When we got to Beth Evergreen, it was a small group, seven. Becky was new and Lila, a friendly pug/boxer mix, Rabbi Jamie’s dog, strained at a yellow leash tied to a picnic table on the patio. Tara, the cantor/director of education, Rabbi Jamie, Judy, the social action chair, Mitch, a long haired man in his early 50s, Kate and me made up the rest.
We ate our meal together outside, all at one picnic table. Tara’s Hebrew school students had decorated it and it was colorful underneath our paper plates and plastic bowls. The evening was a perfect combination of cool warmth and low humidity. The grandmother ponderosa stood tall, lightning scarred against the blue black sky. Bergen mountain had already obscured the sun which still lit up the clouds from its hiding place.
While I ate my own soup, not feeling hungry since my dis-ease earlier, Rabbi Jamie got us started on the evening’s conversation, suggesting we focus on hope and joy in the present.
“When I read that tonight was about joy, I first thought about dogs. How unrestrained they are and how in the moment with their feelings.” Lila, I said, had greeted me fondly, showering me with kisses, a stranger. I like that about dogs.
We all laughed when Rabbi Jamie asked if I hoped (another middot, character trait, clustered with joy) to be able to greet strangers the same way. “Well, not by kissing them on the lips or licking them.” I was thinking, but yes, I hope I can add that level of uncalculated joy to my meetings with others.

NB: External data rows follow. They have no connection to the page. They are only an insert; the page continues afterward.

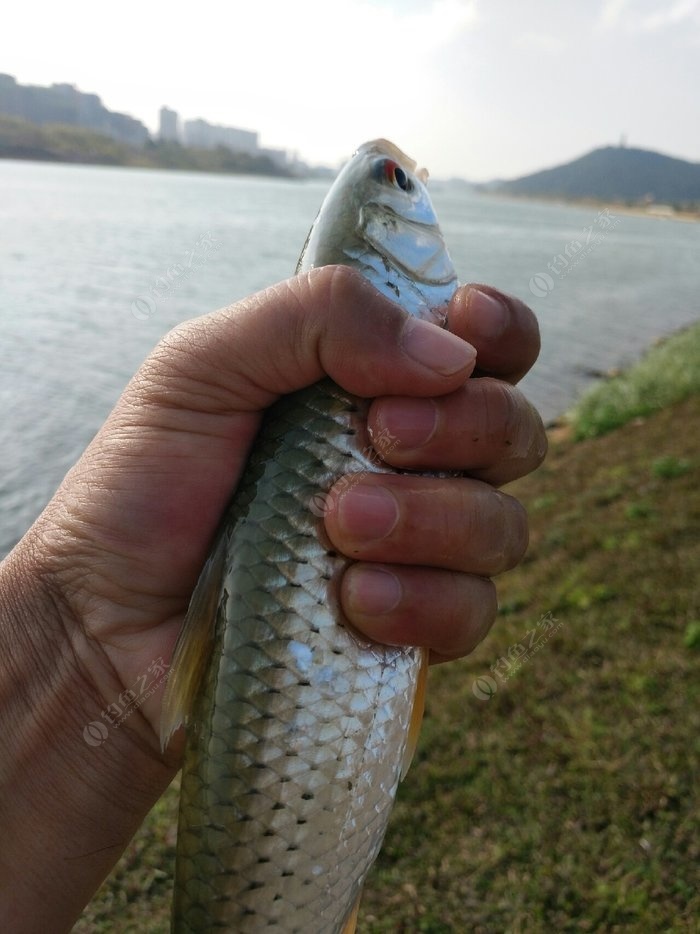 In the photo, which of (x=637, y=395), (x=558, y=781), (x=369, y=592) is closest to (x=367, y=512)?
(x=369, y=592)

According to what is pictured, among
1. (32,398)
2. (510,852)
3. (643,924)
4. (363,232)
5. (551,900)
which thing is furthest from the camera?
(32,398)

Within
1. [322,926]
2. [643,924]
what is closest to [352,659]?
[322,926]

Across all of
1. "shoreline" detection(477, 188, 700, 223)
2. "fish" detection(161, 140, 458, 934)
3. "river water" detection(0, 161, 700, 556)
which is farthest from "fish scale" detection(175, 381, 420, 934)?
"shoreline" detection(477, 188, 700, 223)

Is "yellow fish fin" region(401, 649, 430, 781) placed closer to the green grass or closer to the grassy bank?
the grassy bank

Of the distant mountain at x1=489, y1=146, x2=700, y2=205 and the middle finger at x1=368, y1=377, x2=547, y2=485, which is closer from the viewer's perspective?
the middle finger at x1=368, y1=377, x2=547, y2=485

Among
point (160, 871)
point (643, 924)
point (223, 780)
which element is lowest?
point (160, 871)

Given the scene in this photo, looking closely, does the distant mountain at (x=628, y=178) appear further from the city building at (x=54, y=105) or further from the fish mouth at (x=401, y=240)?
the fish mouth at (x=401, y=240)

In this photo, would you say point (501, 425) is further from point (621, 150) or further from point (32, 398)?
point (621, 150)

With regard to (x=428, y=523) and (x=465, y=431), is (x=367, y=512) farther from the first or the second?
(x=465, y=431) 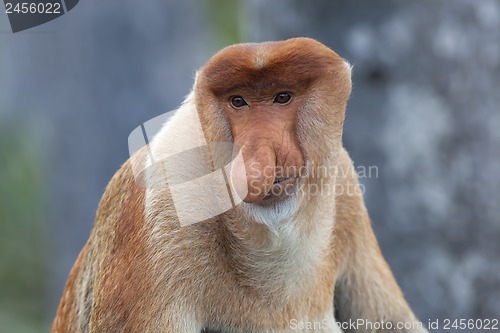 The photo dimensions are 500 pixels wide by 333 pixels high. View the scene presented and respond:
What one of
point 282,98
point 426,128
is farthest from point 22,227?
point 282,98

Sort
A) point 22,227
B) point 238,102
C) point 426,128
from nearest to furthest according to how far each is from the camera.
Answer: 1. point 238,102
2. point 426,128
3. point 22,227

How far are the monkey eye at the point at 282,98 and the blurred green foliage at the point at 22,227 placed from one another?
651 cm

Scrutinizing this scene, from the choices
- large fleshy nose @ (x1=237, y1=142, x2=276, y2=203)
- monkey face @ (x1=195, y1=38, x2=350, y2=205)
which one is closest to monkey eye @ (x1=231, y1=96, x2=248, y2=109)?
monkey face @ (x1=195, y1=38, x2=350, y2=205)

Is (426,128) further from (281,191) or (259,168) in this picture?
(259,168)

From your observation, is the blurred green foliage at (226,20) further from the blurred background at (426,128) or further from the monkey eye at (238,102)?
the monkey eye at (238,102)

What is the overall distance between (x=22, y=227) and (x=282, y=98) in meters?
7.43

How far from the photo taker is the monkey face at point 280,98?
3.35 metres

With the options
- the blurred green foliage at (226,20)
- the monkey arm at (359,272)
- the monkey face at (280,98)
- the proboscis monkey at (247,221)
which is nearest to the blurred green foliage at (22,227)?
the blurred green foliage at (226,20)

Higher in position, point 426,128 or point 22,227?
point 426,128

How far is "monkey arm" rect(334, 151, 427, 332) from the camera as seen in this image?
4.21 metres

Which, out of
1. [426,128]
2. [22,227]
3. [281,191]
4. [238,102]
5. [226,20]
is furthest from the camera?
[226,20]

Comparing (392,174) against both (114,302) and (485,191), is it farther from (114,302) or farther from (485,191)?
(114,302)

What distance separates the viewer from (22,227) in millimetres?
10273

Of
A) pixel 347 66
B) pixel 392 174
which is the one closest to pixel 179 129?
pixel 347 66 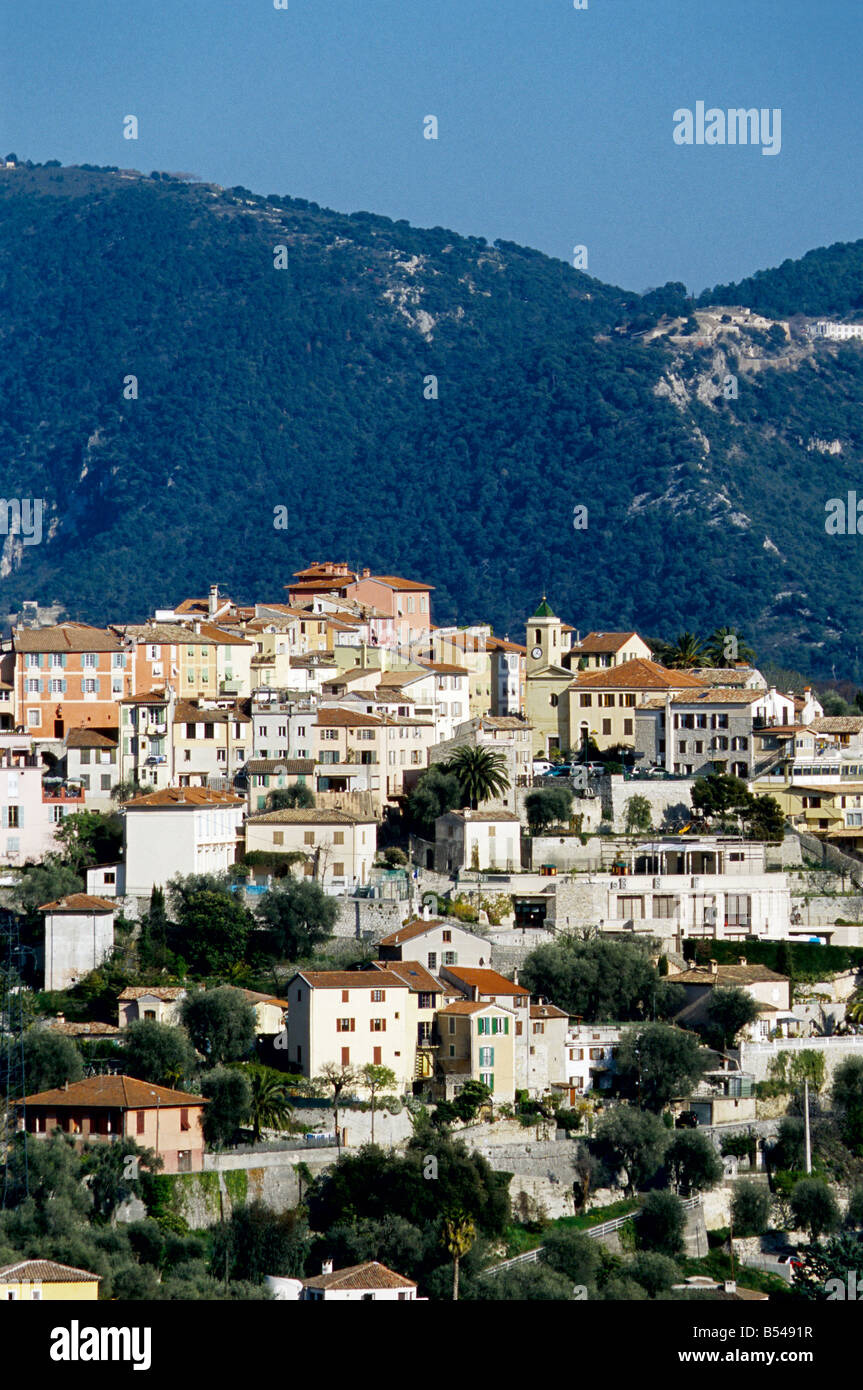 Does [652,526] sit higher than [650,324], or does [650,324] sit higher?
[650,324]

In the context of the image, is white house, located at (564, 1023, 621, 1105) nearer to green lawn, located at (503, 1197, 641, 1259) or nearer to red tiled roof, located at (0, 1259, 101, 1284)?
green lawn, located at (503, 1197, 641, 1259)

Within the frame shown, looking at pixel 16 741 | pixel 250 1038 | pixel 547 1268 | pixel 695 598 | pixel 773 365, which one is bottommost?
pixel 547 1268

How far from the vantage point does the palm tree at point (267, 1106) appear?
42.1m

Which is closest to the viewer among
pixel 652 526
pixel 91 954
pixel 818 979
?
pixel 91 954

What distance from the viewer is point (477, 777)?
5688 centimetres

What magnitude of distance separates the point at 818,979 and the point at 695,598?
105 meters

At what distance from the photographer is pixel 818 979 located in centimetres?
5259

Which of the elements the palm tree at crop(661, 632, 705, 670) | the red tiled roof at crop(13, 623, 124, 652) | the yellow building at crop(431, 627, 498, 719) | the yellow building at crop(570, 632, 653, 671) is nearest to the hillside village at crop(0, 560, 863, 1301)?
the red tiled roof at crop(13, 623, 124, 652)

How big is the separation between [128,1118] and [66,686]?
81.0ft

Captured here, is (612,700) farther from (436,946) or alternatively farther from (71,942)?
(71,942)

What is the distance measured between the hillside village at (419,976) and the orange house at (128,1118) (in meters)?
0.07

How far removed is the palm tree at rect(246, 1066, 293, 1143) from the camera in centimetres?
4206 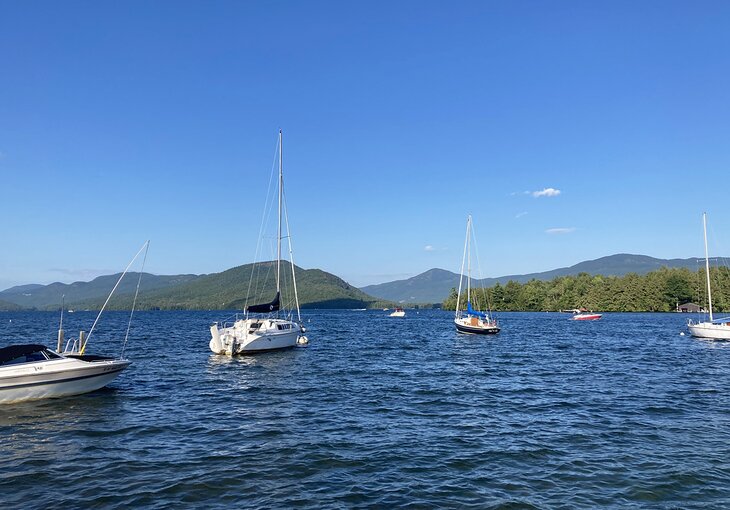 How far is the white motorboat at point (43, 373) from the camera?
74.1ft

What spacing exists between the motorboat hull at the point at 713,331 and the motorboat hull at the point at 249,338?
5268 centimetres

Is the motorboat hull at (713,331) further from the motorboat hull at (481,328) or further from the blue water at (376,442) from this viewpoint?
the blue water at (376,442)

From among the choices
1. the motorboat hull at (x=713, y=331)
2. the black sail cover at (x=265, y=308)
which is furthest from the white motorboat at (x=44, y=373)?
the motorboat hull at (x=713, y=331)

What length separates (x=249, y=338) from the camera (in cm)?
4416

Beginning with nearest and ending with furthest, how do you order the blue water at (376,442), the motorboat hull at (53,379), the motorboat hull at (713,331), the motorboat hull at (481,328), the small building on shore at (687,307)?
the blue water at (376,442) < the motorboat hull at (53,379) < the motorboat hull at (713,331) < the motorboat hull at (481,328) < the small building on shore at (687,307)

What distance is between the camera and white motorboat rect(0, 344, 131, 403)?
2259cm

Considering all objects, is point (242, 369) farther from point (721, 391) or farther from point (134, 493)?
point (721, 391)

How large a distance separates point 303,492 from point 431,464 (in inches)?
161

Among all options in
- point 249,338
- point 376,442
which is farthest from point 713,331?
point 376,442

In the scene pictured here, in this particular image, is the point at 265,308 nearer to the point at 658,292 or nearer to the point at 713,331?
the point at 713,331

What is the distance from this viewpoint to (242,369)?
3669cm

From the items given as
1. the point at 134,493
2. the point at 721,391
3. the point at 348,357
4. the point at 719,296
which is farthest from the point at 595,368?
the point at 719,296

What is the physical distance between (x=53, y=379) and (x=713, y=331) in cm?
7023

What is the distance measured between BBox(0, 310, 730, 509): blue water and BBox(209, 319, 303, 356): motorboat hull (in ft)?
33.8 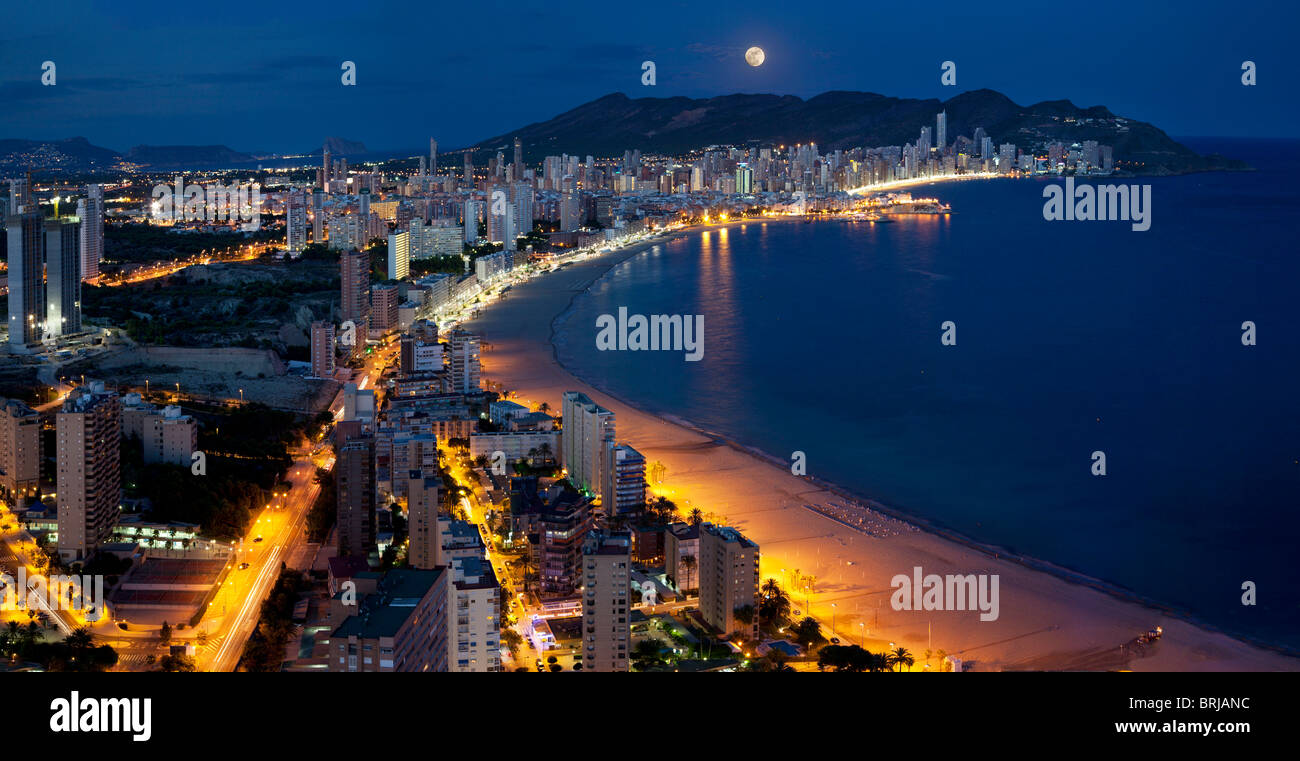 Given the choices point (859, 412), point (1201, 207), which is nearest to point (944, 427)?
point (859, 412)

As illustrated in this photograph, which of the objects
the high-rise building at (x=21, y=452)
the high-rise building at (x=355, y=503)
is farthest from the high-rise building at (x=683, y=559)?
the high-rise building at (x=21, y=452)

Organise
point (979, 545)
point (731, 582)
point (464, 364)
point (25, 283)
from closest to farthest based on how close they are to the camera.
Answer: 1. point (731, 582)
2. point (979, 545)
3. point (464, 364)
4. point (25, 283)

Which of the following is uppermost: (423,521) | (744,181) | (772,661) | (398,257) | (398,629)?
(744,181)

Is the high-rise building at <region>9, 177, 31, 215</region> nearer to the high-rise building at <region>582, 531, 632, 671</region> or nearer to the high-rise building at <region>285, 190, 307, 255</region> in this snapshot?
the high-rise building at <region>285, 190, 307, 255</region>

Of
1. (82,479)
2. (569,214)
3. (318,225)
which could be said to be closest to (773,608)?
(82,479)

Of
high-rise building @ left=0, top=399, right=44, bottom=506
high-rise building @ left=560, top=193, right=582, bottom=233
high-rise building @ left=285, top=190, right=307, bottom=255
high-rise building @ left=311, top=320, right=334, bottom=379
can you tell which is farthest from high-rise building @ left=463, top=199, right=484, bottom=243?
high-rise building @ left=0, top=399, right=44, bottom=506

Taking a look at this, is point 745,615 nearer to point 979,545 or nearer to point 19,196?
point 979,545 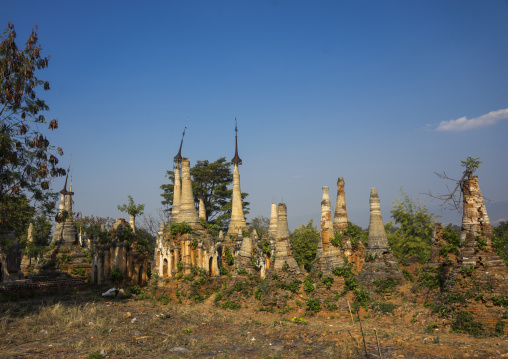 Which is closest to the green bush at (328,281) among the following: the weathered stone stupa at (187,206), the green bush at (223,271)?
the green bush at (223,271)

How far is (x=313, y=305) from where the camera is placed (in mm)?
16953

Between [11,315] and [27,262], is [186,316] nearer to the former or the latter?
[11,315]

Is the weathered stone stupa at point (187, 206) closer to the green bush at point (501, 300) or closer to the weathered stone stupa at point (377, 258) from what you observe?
the weathered stone stupa at point (377, 258)

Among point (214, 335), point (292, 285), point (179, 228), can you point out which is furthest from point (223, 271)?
point (214, 335)

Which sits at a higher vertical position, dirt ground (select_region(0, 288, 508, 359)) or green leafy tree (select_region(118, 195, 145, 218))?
green leafy tree (select_region(118, 195, 145, 218))

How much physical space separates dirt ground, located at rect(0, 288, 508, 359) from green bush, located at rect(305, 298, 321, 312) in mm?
281

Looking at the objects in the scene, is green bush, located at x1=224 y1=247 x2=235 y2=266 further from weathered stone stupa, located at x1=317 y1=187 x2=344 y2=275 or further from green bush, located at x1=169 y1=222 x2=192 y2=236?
weathered stone stupa, located at x1=317 y1=187 x2=344 y2=275

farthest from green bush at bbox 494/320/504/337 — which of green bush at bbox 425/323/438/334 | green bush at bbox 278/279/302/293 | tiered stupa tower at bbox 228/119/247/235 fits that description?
tiered stupa tower at bbox 228/119/247/235

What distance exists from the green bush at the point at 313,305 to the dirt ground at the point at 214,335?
281mm

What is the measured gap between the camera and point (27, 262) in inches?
1312

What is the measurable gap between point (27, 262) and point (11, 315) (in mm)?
21438

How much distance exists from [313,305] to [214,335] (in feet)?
18.4

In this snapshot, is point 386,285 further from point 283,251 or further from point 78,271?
point 78,271

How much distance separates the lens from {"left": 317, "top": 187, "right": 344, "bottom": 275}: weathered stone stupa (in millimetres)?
17859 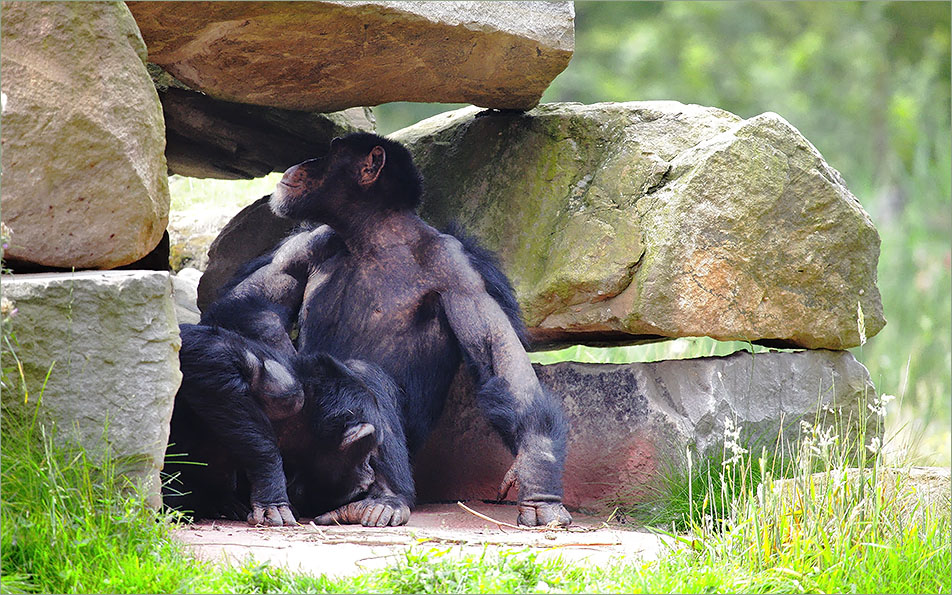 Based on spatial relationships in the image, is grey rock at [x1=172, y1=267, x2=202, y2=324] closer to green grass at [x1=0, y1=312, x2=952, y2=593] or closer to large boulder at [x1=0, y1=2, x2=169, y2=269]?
large boulder at [x1=0, y1=2, x2=169, y2=269]

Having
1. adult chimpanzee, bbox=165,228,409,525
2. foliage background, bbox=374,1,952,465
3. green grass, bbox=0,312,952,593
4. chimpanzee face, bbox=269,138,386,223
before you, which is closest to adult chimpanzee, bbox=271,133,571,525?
chimpanzee face, bbox=269,138,386,223

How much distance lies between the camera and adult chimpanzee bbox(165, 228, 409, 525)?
3.39 meters

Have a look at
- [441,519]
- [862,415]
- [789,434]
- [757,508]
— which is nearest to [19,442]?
[441,519]

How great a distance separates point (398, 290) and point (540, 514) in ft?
3.42

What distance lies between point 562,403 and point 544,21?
1492mm

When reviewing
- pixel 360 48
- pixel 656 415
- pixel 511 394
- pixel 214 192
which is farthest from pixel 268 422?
pixel 214 192

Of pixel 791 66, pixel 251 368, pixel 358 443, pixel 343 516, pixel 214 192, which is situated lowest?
pixel 343 516

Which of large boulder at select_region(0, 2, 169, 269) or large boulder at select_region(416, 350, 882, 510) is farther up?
large boulder at select_region(0, 2, 169, 269)

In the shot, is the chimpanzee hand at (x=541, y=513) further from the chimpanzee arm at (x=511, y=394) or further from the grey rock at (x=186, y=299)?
the grey rock at (x=186, y=299)

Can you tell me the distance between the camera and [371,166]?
4.09 metres

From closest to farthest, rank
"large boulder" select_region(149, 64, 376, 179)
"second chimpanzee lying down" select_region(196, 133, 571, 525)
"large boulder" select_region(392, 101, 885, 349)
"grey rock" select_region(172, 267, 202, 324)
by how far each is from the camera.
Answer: "second chimpanzee lying down" select_region(196, 133, 571, 525) < "large boulder" select_region(392, 101, 885, 349) < "large boulder" select_region(149, 64, 376, 179) < "grey rock" select_region(172, 267, 202, 324)

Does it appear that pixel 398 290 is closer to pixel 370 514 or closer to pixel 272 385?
pixel 272 385

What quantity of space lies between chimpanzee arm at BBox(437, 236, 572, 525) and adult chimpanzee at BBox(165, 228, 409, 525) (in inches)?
14.2

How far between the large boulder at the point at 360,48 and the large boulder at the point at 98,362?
3.55 ft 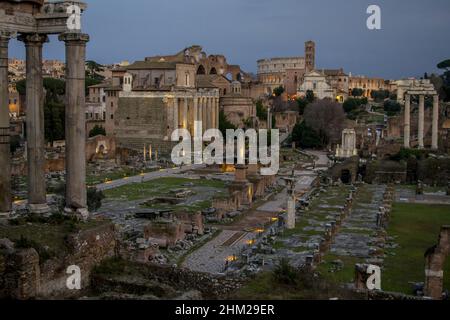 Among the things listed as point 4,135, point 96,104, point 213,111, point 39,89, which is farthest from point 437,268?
point 96,104

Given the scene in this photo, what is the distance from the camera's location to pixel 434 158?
157 ft

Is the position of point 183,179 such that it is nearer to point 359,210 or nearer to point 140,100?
point 359,210

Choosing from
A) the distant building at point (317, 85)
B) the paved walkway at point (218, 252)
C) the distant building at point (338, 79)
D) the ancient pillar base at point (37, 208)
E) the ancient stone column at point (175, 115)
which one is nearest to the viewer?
the ancient pillar base at point (37, 208)

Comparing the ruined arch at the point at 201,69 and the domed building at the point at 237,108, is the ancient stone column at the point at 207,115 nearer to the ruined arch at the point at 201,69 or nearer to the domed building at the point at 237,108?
the domed building at the point at 237,108

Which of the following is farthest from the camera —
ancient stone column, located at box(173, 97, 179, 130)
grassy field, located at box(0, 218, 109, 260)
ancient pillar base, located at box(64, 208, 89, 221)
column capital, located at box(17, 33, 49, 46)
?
ancient stone column, located at box(173, 97, 179, 130)

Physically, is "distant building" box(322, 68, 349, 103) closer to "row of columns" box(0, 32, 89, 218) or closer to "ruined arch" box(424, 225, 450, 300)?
"ruined arch" box(424, 225, 450, 300)

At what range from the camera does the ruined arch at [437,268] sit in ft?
50.0

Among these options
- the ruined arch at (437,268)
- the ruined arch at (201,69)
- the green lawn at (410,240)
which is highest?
the ruined arch at (201,69)

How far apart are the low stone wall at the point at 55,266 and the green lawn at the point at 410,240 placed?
304 inches

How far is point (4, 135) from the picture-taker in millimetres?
14414

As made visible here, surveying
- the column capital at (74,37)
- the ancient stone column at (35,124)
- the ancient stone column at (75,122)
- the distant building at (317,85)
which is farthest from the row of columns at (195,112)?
the column capital at (74,37)

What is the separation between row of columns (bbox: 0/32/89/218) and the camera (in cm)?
1430

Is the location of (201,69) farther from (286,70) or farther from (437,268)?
(437,268)

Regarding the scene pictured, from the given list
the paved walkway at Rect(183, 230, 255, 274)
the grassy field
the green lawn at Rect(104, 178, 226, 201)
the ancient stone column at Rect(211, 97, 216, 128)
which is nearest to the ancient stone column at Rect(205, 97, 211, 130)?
the ancient stone column at Rect(211, 97, 216, 128) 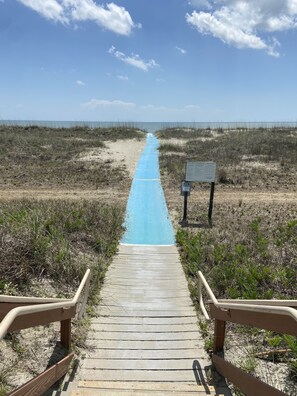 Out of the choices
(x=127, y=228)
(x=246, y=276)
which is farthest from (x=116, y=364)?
(x=127, y=228)

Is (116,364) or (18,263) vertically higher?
(18,263)

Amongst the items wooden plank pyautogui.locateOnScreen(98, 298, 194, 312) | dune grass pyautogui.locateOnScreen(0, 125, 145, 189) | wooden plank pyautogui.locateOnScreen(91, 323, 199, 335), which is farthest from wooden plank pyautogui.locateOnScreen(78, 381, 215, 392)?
dune grass pyautogui.locateOnScreen(0, 125, 145, 189)

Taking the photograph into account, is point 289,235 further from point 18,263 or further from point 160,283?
point 18,263

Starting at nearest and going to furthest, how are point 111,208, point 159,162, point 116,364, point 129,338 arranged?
point 116,364 < point 129,338 < point 111,208 < point 159,162

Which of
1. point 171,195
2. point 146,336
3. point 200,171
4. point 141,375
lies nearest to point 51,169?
point 171,195

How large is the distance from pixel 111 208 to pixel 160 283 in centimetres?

Becky said she had problems with hope, naming the carelessness of humans and the destructive presence we are on the earth. “I think about how we might destroy ourselves, but after some time, the planet will be fine. That makes me feel better, oddly,” she said. Rabbi Jamie mentioned then something I’ve heard him voice before, a Talmudic argument over whether it would have been better if humans had not been created. Yes, the rabbis decided, it would have been better. But, since we are here, what will we do?
Judaism has that sort of no nonsense approach to heavy existential issues. Yes, we’ll die. So the question is, how will you live; not the understandable response, OMG, I’m gonna die!
In the remaining discussion it became clear to me that Judaism has joy at its core, an embrace of life even in the midst of struggles and despair, an embrace of life in community, with known others. Joy, one quote offered for the evening suggested, comes from deep connection.
This is so qualitatively different from Presbyterianism. When Rabbi Jamie led us in song, then got us up to dance, I tried to imagine the same thing happening during a Presbytery meeting. Nope. Wouldn’t happen. It’s a cultural difference of substantial proportion.
I want to like this, I may even need to like it, but it’s hard. Being hesitant, reserved, especially physically, came with my Midwest protestant raising, reinforced by my Germanic father and the often dysfunctional nature of my mother’s extended family.
Still don’t want to be a Jew, but these challenges, to experience deep joy and hope rooted in community, are good for me. Necessary, even. When we came home through the darkening June night, driving up Black Mountain Drive, I no longer felt dis-eased. An odd sense of hopefulness had crept in. Maybe a bit of joy.